The battle, which lasted from Dec. 16, 1944 to Jan. 25, 1945, was fought in the forested Ardennes mountain region in Belgium. The major German offensive near the end of the war was aimed to split the Allied line of the American and British troops.

In addition to the cold Belgium winter, Soldiers fought through several snowstorms in the Ardennes forests, which prevented air support and the ability to move in supplies. Although the Allies won the battle, there were nearly 90,000 American casualties -- 19,000 of whom were killed.

J. David Bailey, president of the Battle of the Bulge Historical Foundation, fought at the cusp of the battle on Dec. 16 in the Ardennes Forest and Eifel mountains.

"We had poor intelligence at the time, and our supply line was cut off, and we had no air support," he recalled. "We were caught completely by surprise."

On the first days of the battle, Bailey said, his unit was outnumbered five to one. But the Soldiers continued to hold their ground.

"We withstood the enemy for three days," he said. "Those three days were important from the standpoint that it allowed other troops and reinforcements to come in. We didn't fall like straw in the wind."

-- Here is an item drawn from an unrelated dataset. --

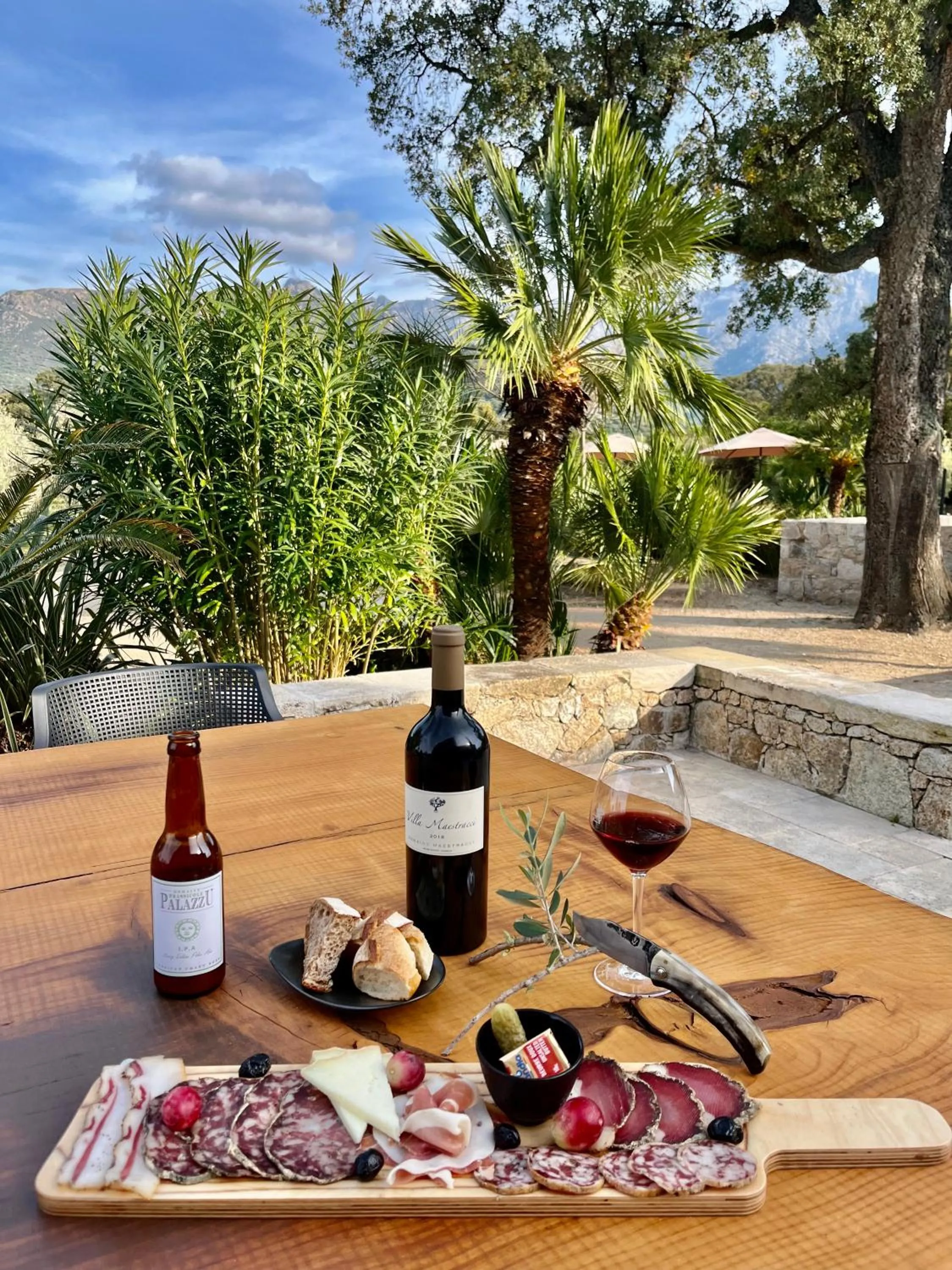 Food and drinks in Domaine du Reginu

Fort Meade's memorial, which was dedicated in 1999, is located at the museum because of its primary focus on the heavily involved First Army.

In addition to laying a wreath at Fort Meade, the group also planned on making the trip to Arlington National Cemetery to lay another wreath.

"The purpose of the wreath is to remember those who are gone," said retired Lt. Col. Alfred H.M. Shehab. "We're honoring them for their service to the country."

Shehab, who was a lieutenant when he fought at the Battle of the Bulge, said a group of veterans from the battle make the trip to Fort Meade every year to spend time with fellow service members and to keep the memory of the battle alive.

"The purpose is to perpetuate the history and the meaning of the battle as far as the liberty of the country," Shehab said. "The main thing is the camaraderie -- getting together and chatting,"

While at the museum and library, the veterans shared stories about their experiences in the battle along with photos and mementos.

"It's kind of nostalgic," said George Watson, veteran. "You remember a lot of things you thought you've forgotten."

Watson, who lives in Long Island, N.Y., has made the trip with his friend Mack McAuliffe of Wooster, Ma., three or four times. The two men were part of Gen. George S. Patton's Third Army, 87th Division.

"It's very nice. It's very comprehensive," Watson said of the trip. "It's a good show."

After laying the wreath in front of the memorial, Shehab said the brief ceremony showed the price of freedom.

"Is it going to the shopping mall? Is it taking the day off?" Shehab asked. "Or is it spending a few moments to remember those who gave their lives so our flag could fly high and we could continue to live in freedom?"